Origine et histoire de l'Église Saint-Joseph
L'église Saint-Joseph du Havre est une reconstruction emblématique du centre-ville détruit lors des bombardements de septembre 1944, qui firent près de 3 000 morts et rasèrent 80 % de la ville. Conçue par Auguste Perret, architecte pionnier du béton armé, elle incarne la modernité architecturale et la résilience urbaine.

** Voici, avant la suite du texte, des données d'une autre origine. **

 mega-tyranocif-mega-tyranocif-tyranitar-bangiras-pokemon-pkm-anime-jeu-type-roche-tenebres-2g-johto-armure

Sa tour-lanterne de 107 mètres, visible à 60 km en mer, sert à la fois de phare spirituel et de mémorial aux victimes.
La première église Saint-Joseph, construite en 1873 dans un style néogothique, fut détruite en 1944. Le projet de reconstruction, lancé en 1951, s’inspire des plans de Perret pour la basilique Sainte-Jeanne-d’Arc (1926), combinant un plan carré et une verticalité gothique. Raymond Audigier, collaborateur de Perret, et l’abbé Marcel Marie, curé visionnaire, transforment l’édifice en un lieu de culte innovant, anticipant les réformes liturgiques de Vatican II.
Les vitraux abstraits de Marguerite Huré, couvrant 378 m2, utilisent 12 768 verres colorés pour créer une symbolique chromatique liée aux vertus théologales. L’église, classée monument historique en 2018 et inscrite au patrimoine mondial de l’UNESCO depuis 2005, marque un tournant dans l’art sacré du XXe siècle. Son béton brut et ses lignes épurées, initialement critiqués, sont aujourd’hui célébrés comme un chef-d’œuvre du classicisme structurel.
La construction, achevée en 1957, repose sur des techniques avancées : 71 pieux Franki de 15 mètres, des piliers en béton précontraint, et une charpente renforcée par des tirants Freyssinet. L’autel central, taillé dans du granit du Tarn, symbolise une liturgie participative. L’église reste un lieu de culte actif, dédié aux « gens de mer », et accueille annuellement 100 000 visiteurs.
Auguste Perret, décédé en 1954 avant l’achèvement des travaux, y voit l’aboutissement de sa quête d’un « classicisme structurel ». Son œuvre, longtemps controversée, est aujourd’hui reconnue comme une révolution architecturale, comparable à l’avènement du gothique. La tour-lanterne, premier monument visible depuis la mer, incarne la renaissance du Havre et sa transformation en ville moderne.